As someone who survived the process and is now a student interviewer, I hope graduate school applicants find the following suggestions constructive.

Interview Day Tips

1. People are watching!
Consider every minute you are around students and faculty as part of the interview process. The formal one-on-one closed-door meetings are the most important aspects of the interview but it is imperative to be on point at all times. If there is a social event with alcohol, have ONE drink! If you are a smoker, throw on a patch! If you have gastrointestinal issues, eat wisely!

2. Practice Practice Practice!
Think about what kind of questions will be asked and do a mock interview with a friend. Be prepared to answer any question the interviewer may ask. There are many books and online resources discussing the kinds of questions that are asked.

3. Prepare Questions!
Have a list of questions ready to ask the interviewers. There will be an opportunity for you to ask questions.
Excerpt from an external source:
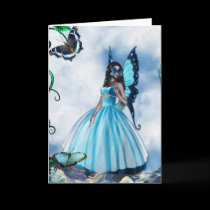 Fairy Masquerade Ball cards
Having a pre-written list of program-specific questions demonstrates maturity and a genuine interest in the school. Consider the day also as an opportunity to interview the school.

4. Be Confident but not Arrogant!
It is a major accomplishment to be one of the top applicants who receives an interview. Be proud of yourself for reaching this point but remember, you have not been accepted yet. Similarly, do not come off overly eager or desperate.

5. Be Emotionally Prepared!
Interviewing is an anxiety provoking process. The first one is the hardest but it definitely gets easier. Self-care is crucial during this time so know what it takes for you to be at your best. For example, get as much sleep as possible before the interview, eat well, and go easy on the caffeine.

One final thing to note is that by the end of the interview day, you will have a much stronger sense of whether or not you belong at that particular school. After meeting the faculty, touring the campus, and exploring the city at my fourth choice school, it immediately became my number one. A few months later, I showed up with a moving truck!

Best of luck as you commence upon this next stage of the graduate school application process.